Hardware virtualization has moved to hardware

One of my take aways from AWS’ bare metal announcements at re:Invent this week is that the compute, storage, and network aspects of hardware virtualization are now optimized and accelerated in hardware. AWS has moved beyond the limitations that constrained VM performance, and the work they’ve done applies both to their bare metal hardware and their latest VM instance types.

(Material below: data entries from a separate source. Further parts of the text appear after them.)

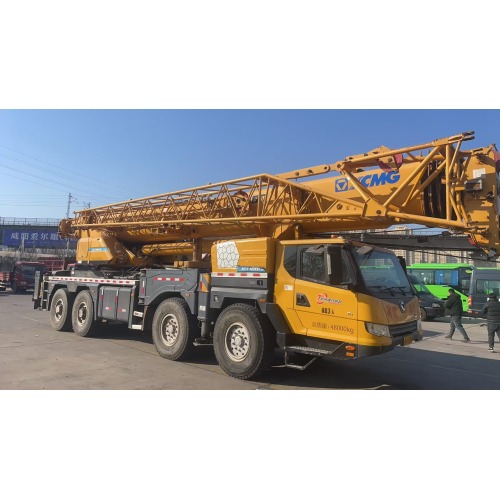 Crane de caminhão usada de 80 toneladas - desempenho confiável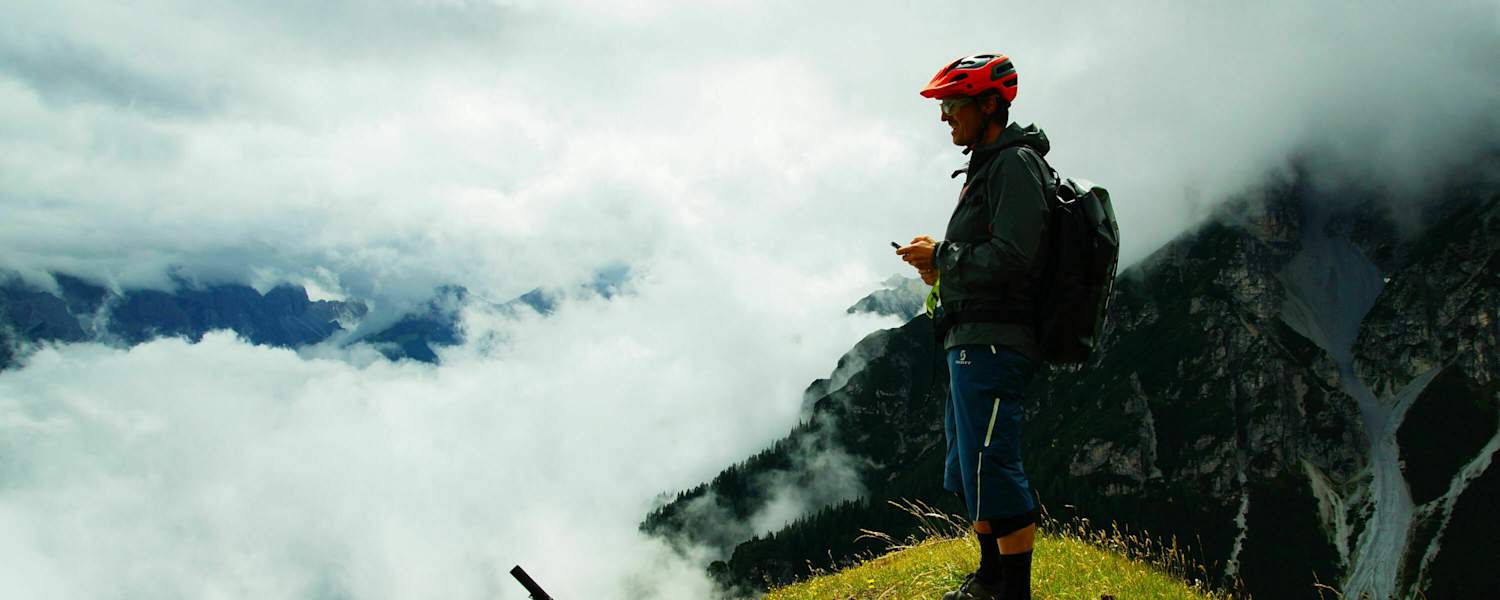 Biken bei Regenwetter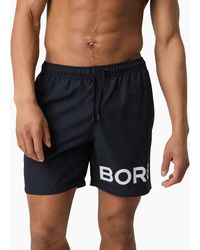 Björn Borg - Borg Logo Swim Shorts, Nightsky - Lyst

Intel long-ago implemented VT extensions in their CPUs to better support hardware virtualization of compute. Some of the biggest innovations in network hardware have been to support VXLAN in the hardware (both NICs and switches), offloading the work to do encapsulation and decapsulation from the CPU when the hypervisor or other host software supports it (Intel 2015, Emulex testing 2015, VXLAN performance considerations 2014 with 2016 update). AWS started taking advantage of hardware to offload their VXLAN-like I/O (they don’t actually use VXLAN, since VPC was introduced before VXLAN became a thing) with enhanced networking in 2013 and the introduction of their Elastic Network Adapter in 2016.

With compute and network broadly virtualized in hardware, that leaves storage I/O as the only aspect of virtualization that hasn’t been fully offloaded to hardware. One reason for this is that block storage had long-ago been virtualized with EBS and EBS-like hardware/services. I consider that the first generation of block storage virtualization. AWS has effectively introduced a new generation of storage virtualization with more hardware optimizations in their announcement of c5.* and i3.metal instances. Just as AWS moved quietly with network offloading starting with c3.* instances in 2013 before introducing more significant network offload with their Elastic Network Adapter supporting 25Gb/s in 2016, AWS’ first steps to further offload storage virtualization were rather quiet at first.

AWS claims they were using custom Nitro hardware as the NIC (though it’s not clear of this is ethernet or some other physical media) to connect compute nodes to EBS starting with the c4 generation and all those that are EBS-optimized by default. They modified the Xen hypervisor to interact with the Nitro hardware and present the devices as attached storage. Starting with c5.* instances, they’re presenting the EBS storage as an NVMe device, thanks to both newer Nitro hardware and support they implemented in KVM that effectively passes the block I/O requests straight through.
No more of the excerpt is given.